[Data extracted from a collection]
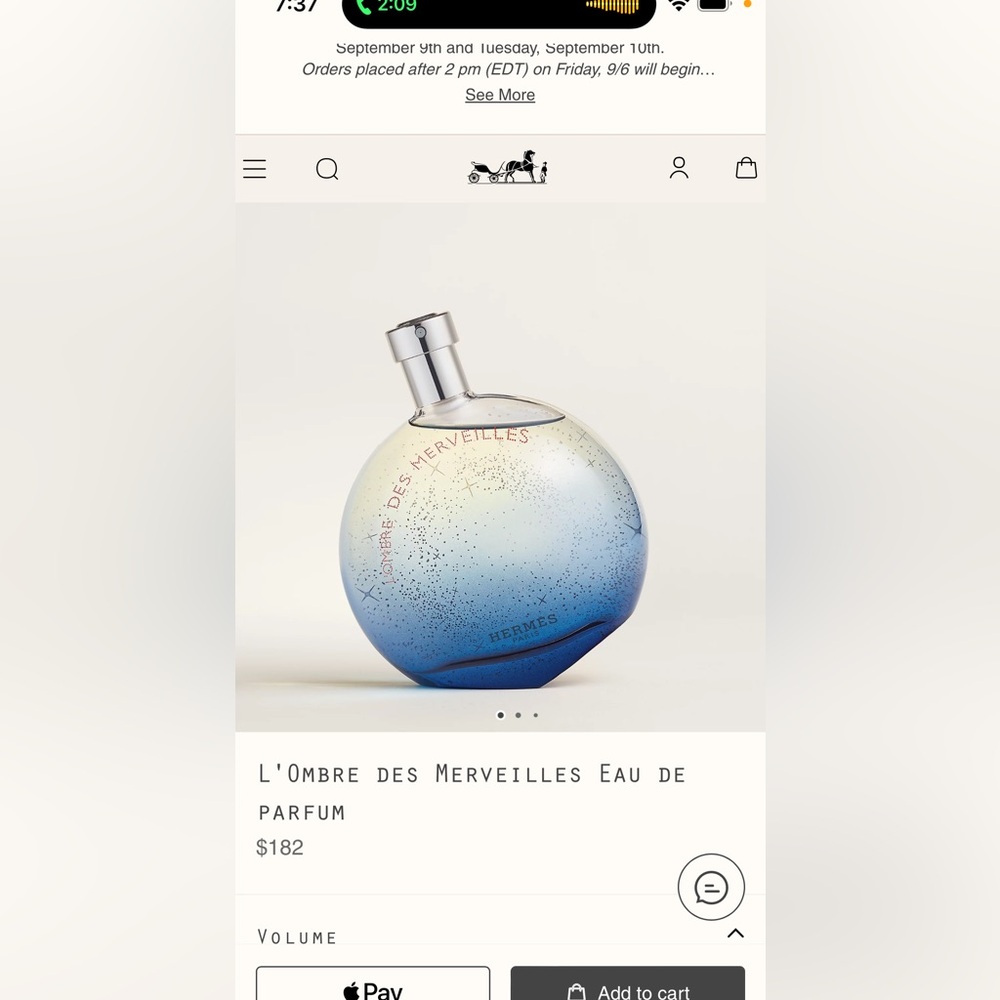 Hermes L'Ombre des Merveilles Eau de parfum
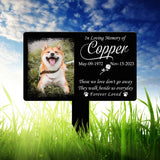 Custom Photo Dog Loss Memorial Stake, Personalized Pet Grave Marker, Photo Tribute Plaque for Bereaved Dog Owners, Dog Remembrance Decor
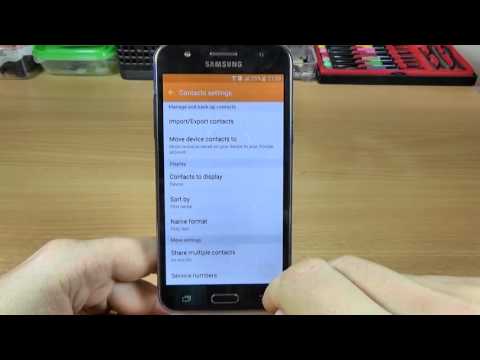 In this tutorial i will show you how to backup the contacts from your device on google account samsung galaxy j5 (android 5.1.1) by using phone setti...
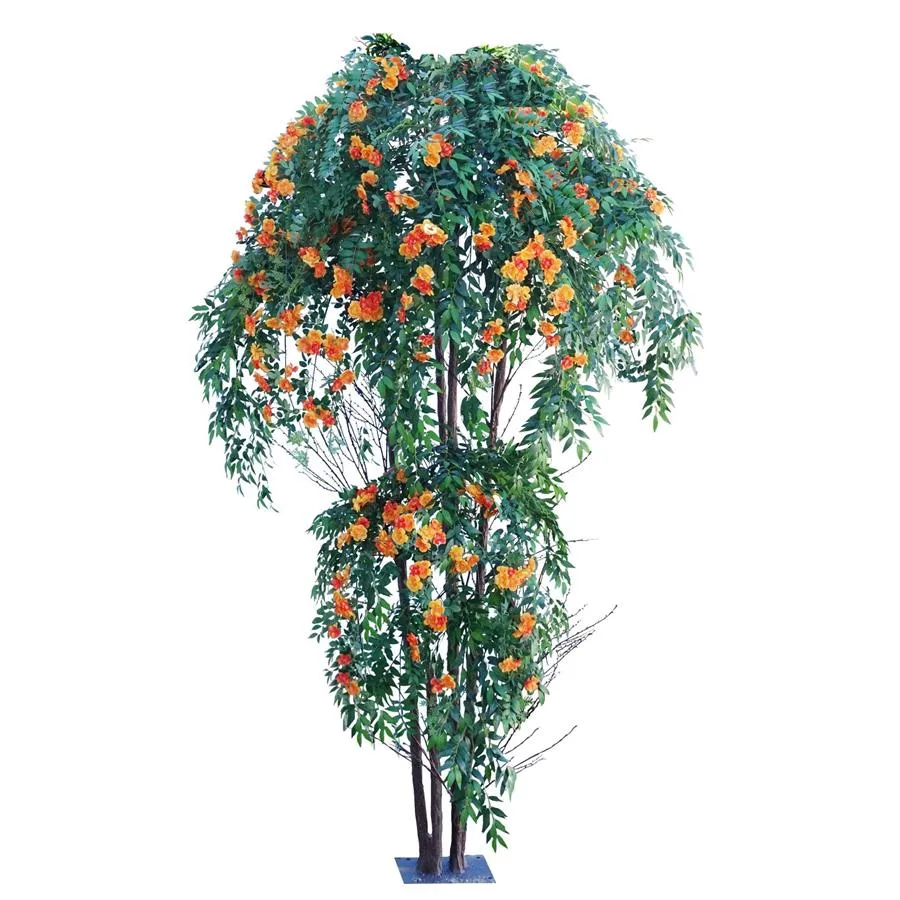 Árbol artificial de hojas - Galerías el Triunfo - 075072096046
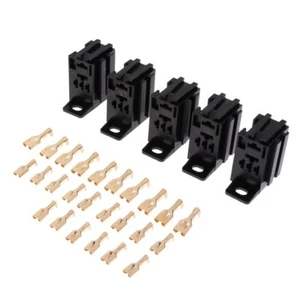 5pcs Automotive Relay Socket Micro 60AMP 5-Pin W/ 25x Copper Terminals Hot Sale - Picture 1 of 3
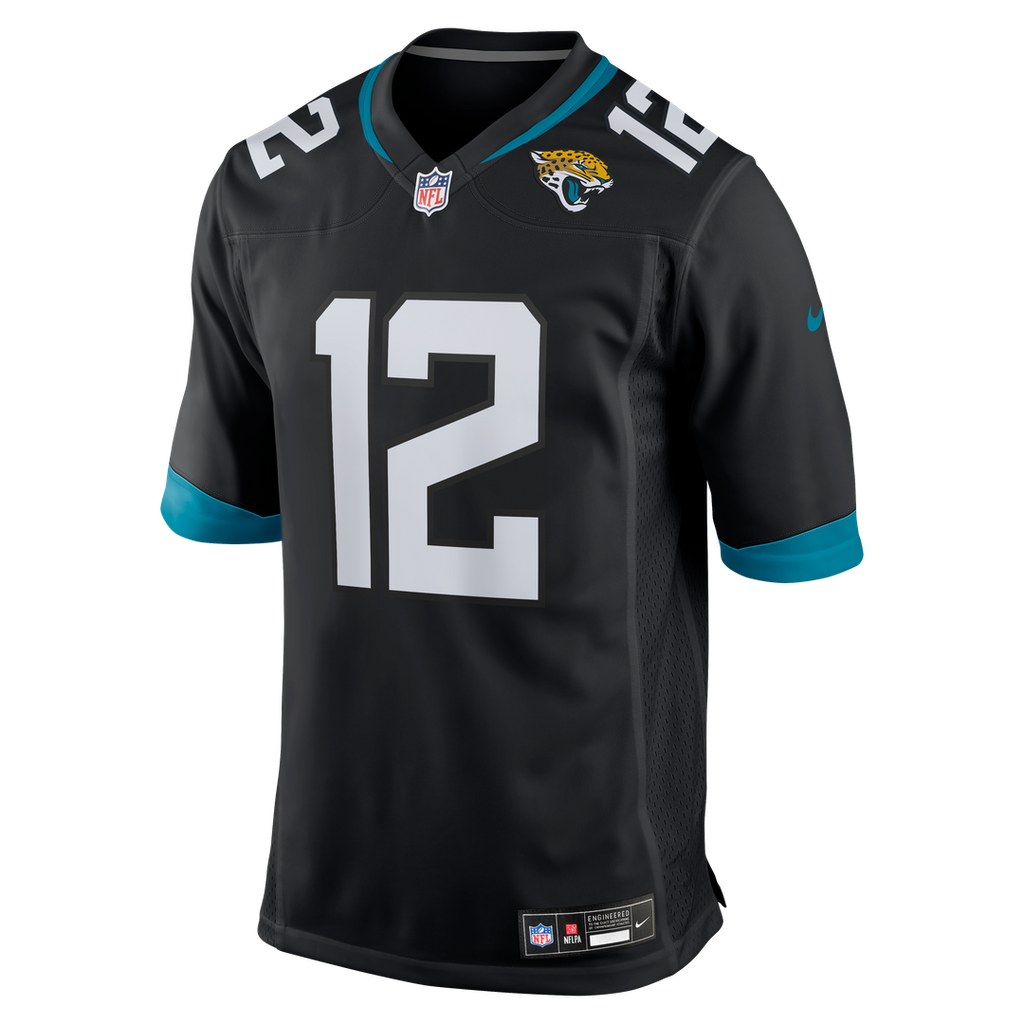Jacksonville Jaguars Travis Hunter Black Alternate Game Jersey product image 19, provided for visual reference and product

### WORK INSTRUCTION
Begin at the first line of the records. Print every line through the one containing "Árbol artificial de" exactly, but skip the pictures.

### EXERCISE OUTPUT
 Hermes L'Ombre des Merveilles Eau de parfum
 Custom Photo Dog Loss Memorial Stake, Personalized Pet Grave Marker, Photo Tribute Plaque for Bereaved Dog Owners, Dog Remembrance Decor
 In this tutorial i will show you how to backup the contacts from your device on google account samsung galaxy j5 (android 5.1.1) by using phone setti...
 Árbol artificial de hojas - Galerías el Triunfo - 075072096046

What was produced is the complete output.